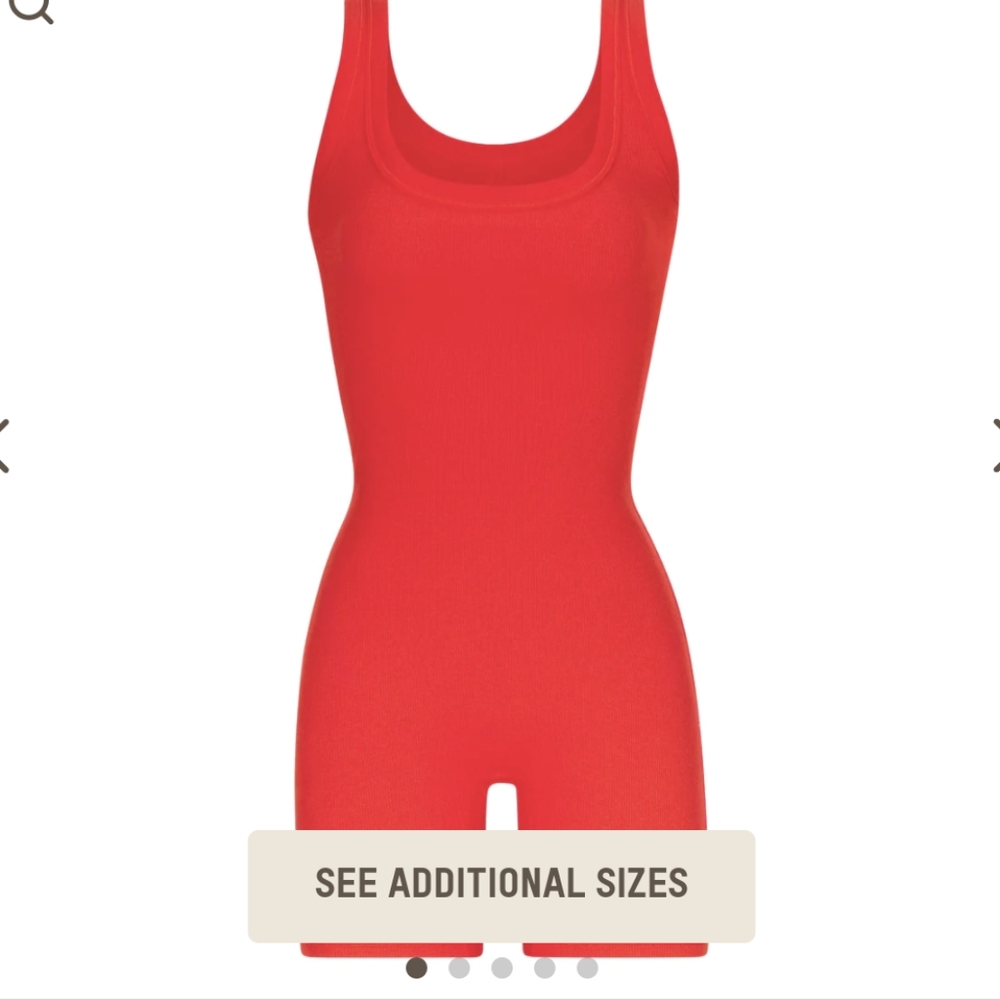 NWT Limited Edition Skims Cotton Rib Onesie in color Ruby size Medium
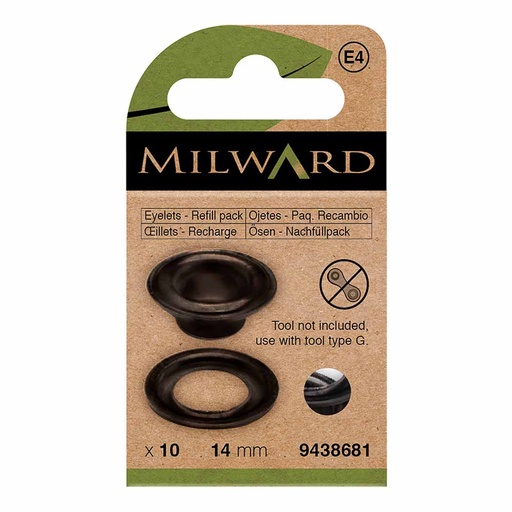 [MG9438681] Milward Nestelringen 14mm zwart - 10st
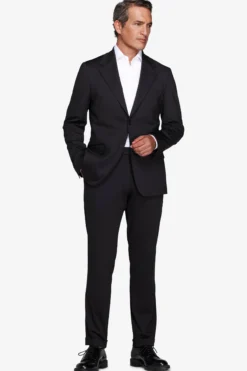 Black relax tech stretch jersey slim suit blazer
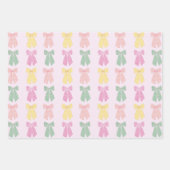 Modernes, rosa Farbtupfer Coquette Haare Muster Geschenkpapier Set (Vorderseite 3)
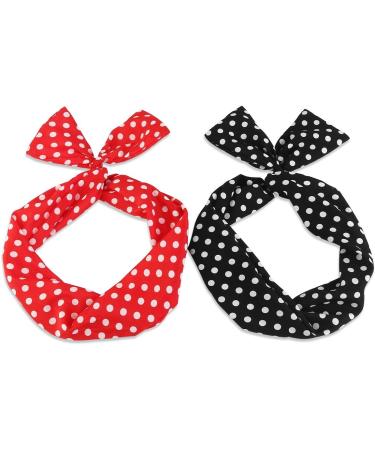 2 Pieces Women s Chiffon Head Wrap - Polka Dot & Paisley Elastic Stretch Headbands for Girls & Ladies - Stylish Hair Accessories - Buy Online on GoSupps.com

Prompt:
Everything in the data except the pictures must be transcribed exactly.

Written reply:
 NWT Limited Edition Skims Cotton Rib Onesie in color Ruby size Medium
 [MG9438681] Milward Nestelringen 14mm zwart - 10st
 Black relax tech stretch jersey slim suit blazer
 Modernes, rosa Farbtupfer Coquette Haare Muster Geschenkpapier Set (Vorderseite 3)
 2 Pieces Women s Chiffon Head Wrap - Polka Dot & Paisley Elastic Stretch Headbands for Girls & Ladies - Stylish Hair Accessories - Buy Online on GoSupps.com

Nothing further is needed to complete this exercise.